Now on to the specific game/project, the e-Gnosis chip (nanopore sensor). The inventor, Peter Kollensperger of the Imperial College London, has created a portable diagnostic device. There are many such diagnostic devices being developed all over the world, many of them designed for medical use. Kollensperger wants to find another market niche for his e-Gnosis chip device,

The vast majority of biosensors today are based on some form of optical readout to get the  results you want. You usually have a choice between inexpensive (but non-quantitative) methods such as lateral flow tests (e.g. pregnancy tests), which just show you a blue line if positive, or more sensitive tests that can tell you how much of the analyte is present using specialised optical equipment. These quantitative tests generally require several extra wash steps and additional reagents and are carried out by labs or on specialised microfluidic or robotic platforms. We wanted to develop a sensitive, quantitative technology that doesn’t require expensive platforms but instead:

  • Could be read using a low-cost smartphone or laptop accessory (<$20);
  • Works with a small amount of sample (~10 microlitre, such as a tiny drop of blood, urine or saliva)
  • Requires no (or just one) washing steps.
  • Runs several different tests on the same sample simultaneously.
  • Is as easy to use as a pregnancy test.

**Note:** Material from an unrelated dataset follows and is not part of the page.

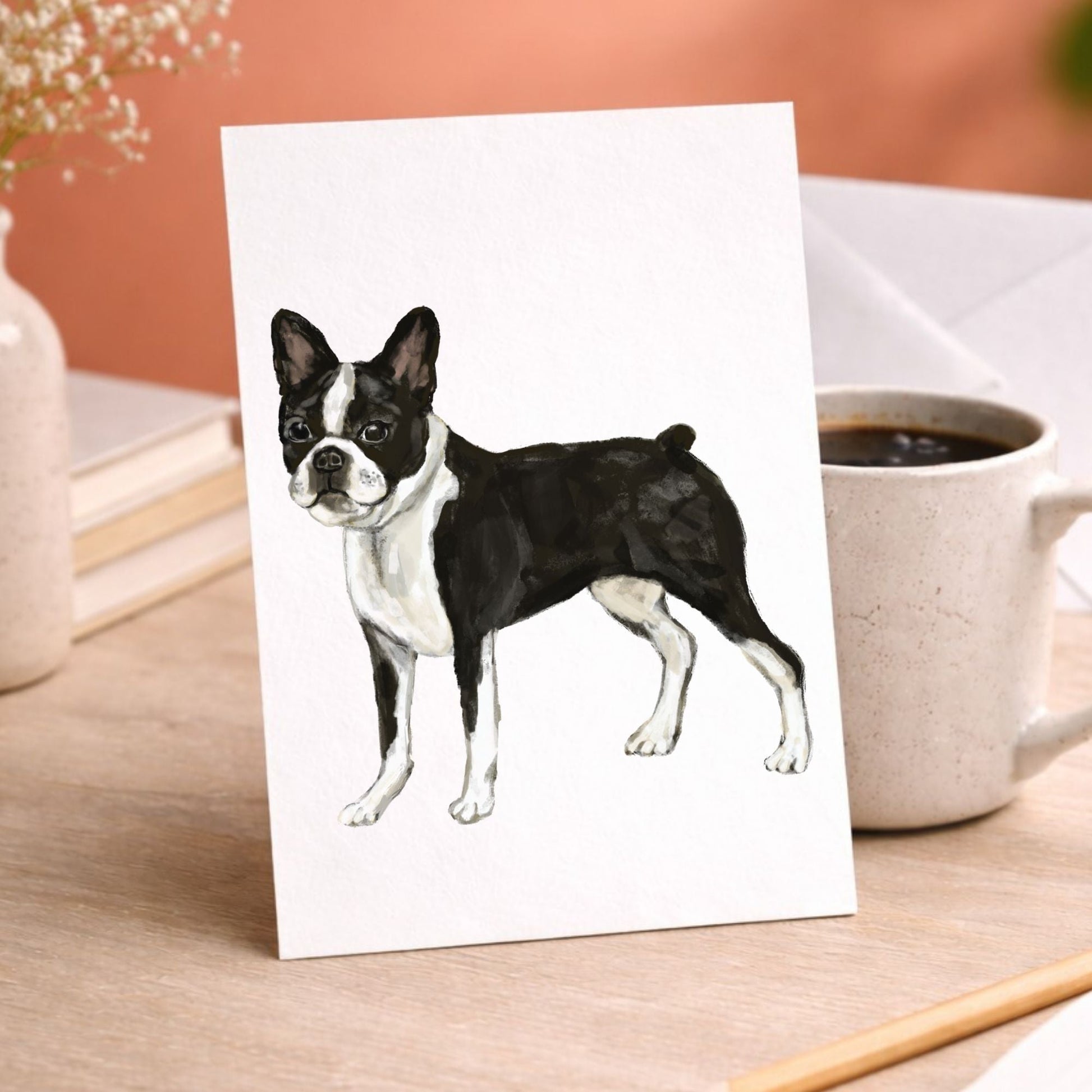 Boston Terrier Postcard - MerikaArt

Here’s what the inventor is looking for (from the e-Gnosis chip page),

We’ve been looking at the field of medical diagnostics for a while, but the point-of-care market is highly competitive, fragmented into relatively small markets, with high entry barriers in the form of FDA [US Food and Drug Administration]/EMA [European Medicines Agency] approval. So for any medical diagnostic we’d need a large market, where our device’s unique features (multiplexing, rapid & simple point-of-care use without sample prep) offer a very significant competitive advantage, and can justify the high barrier costs for approval.

We’d be very interested to hear ideas about a consumer market to prove the device commercially, keeping in mind:

  • While the chip-manufacturing part of the process is cheap, the cost/test is unlikely to ever fall below $6-8 due to functionalization and assembly. We need an application where customers would pay enough to allow a reasonable profit margin.
  • Need a high-volume application to justify setup costs of chip-manufacture (>$300k). What’s your market size?
  • What would be the market entry route? Who’d be our commercial partners? What are the competing devices and their price? How would distinguish ourselves against these?

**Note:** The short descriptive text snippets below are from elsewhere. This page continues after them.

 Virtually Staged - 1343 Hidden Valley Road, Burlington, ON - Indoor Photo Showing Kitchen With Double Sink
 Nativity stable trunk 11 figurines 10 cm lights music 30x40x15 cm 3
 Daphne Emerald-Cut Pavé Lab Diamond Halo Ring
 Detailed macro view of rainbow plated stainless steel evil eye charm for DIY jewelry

Here’s a little more about Kollensperger (from the e-Gnosis chip page),

I’m Peter Kollensperger and I’m working with Prof. Green in the Optical and Semiconductor Devices Group of the Electrical and Electronic Engineering Department at Imperial College London.

My research to date has focused on the use of nanotechnology for biosensing applications, but my overarching interest is in making diagnostic/sensing technologies more accessible both to doctors and the general public.

The combination of scalable nanotechnology and the hugely parallel processing of semiconductor foundries holds great promise for the area of biosensors and we are looking for applications where the end-user wants to get results on the go without spending a large upfront amount on a reader. This can be in medical diagnostics, but ideally would be in an underserved consumer market where the combination of properties of our chip can make a real difference.

The Marblar community offers video services for the inventors hosting competitions and this is Kollensperger’s

Diagnostics Array from Marblar on Vimeo.

There’s still time (20 days) to enter the competition. Good luck!

By the way, I owe a big thank you to Daniel Bayley for contacting me about the project and about Marblar.